Further, we can come up with quite different metrics for the other thing I mentioned, viz. efficiency: the most important are probably precision in expression, data compression, noise tolerance, effort for the brain etc

Turns out these are somewhat incompatible too: more compression / shorter exponents for information leads to less noise tolerance. Greater precision leads to greater effort for the brain.
It's the fact that it doesn't do that, at all. The principle of least effort predicts that almost invariably, the people who will end up being vindicated by evolution are the majority, the people who put the least pride into how they speak and typically carry the least amount of linguistic knowledge. It's demagoguery, but made inevitable not through governmental decree but by the core tenets of human social behavior.
Given the quality of governmental decrees throughout history, I think we should be happy it's not for the government to decide on what your language is supposed to be like. Let us give an example of an inconsistent ruling given by a language academy, viz. the Swedish Academy. Much like some flavours of prescriptivist English, the Swedish Academy frowned on 'better than me'-style constructions. The justification was that 'it is a shortened form of 'better than I am', and thus calls for the nominative rather than the accusative form. However, the Swedish Academy permitted the use of reflexive possessive pronouns in that position, e.g. 'better than her own sister'. Here's the kicker: you can't under any circumstance have a noun phrase with her own as its possessor be a subject in Swedish, so clearly the Academy were either unaware of their own failure to be consistent or they didn't care that their explanation was mistaken.

Yet that particular alleged grammatical error was often used by teachers to harass kids in school, or by people who felt they spoke "better" than others to illustrate that they indeed were better. In many things, pride often precludes clear thinking. And language is one of the fields in which pride both precludes clear thinking and becomes a whip with which to punish those you don't approve of. (And often, those are of social classes who just don't have the time to invest to learn these things, nor would get any actual tangible benefits from investing it.)

The linguistic systems that have been formalized as Sanskrit, Latin, Greek, Finnish, Russian, etc, are in part of course inventions of a few scholars - but the bulk of them are the results of undirected linguistic evolution! Not a bad day's work done by random drift in a speaker community. Most of what those scholars did was just analyze the results that random drift had come up with.

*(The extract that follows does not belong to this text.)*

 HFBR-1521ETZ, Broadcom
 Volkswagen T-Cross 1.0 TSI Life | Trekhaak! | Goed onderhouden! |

These people whose linguistic knowledge is being put down by the poster to whom I am responding, are also among those who need language as a tool in their daily life, and they are representatives of the kind of hardware that needs to be able to interact with it - their brains contain the heuristics that sample the string of phonemes and do crazy good reconstructions of the underlying sentence that only sometimes get it wrong – and they adjust to whether they're often misunderstood or they often are met with the reaction 'oh you misheard' by adding redundant information that helps in recovering the message; and thanks to the magic of evolutionary design methods, this takes their brains' limitations with regards to memory and speed, their own limitations with regards to time they have at their disposal to invest in learning additional vocabulary and additional grammatical quirks to satisfy upper middle class wankers' linguistic aesthethics, et.c. into account. Luckily, most won't even desire to suck up to upper middle class wankers, thus prioritizing the other desiderata higher than the satisfaction of those upper middle class wankers.
I guess that's why I've always been, to my own occasional chagrin, more into engineered languages than ones designed to resemble natlangs, which - while I continue to have a lot of fun with - I ultimately only enjoy to the extent that they let us break human convention, not imitate it.
Anyway, rant over, I understand I'm being a pretentious ass, yada yada yada, we all get to have one thing we're like that over, mine's language. Just thought I'd share.

Yes, you are being a pretentious ass, but I also think you're being an ignorant ass, which in my view of things is worse.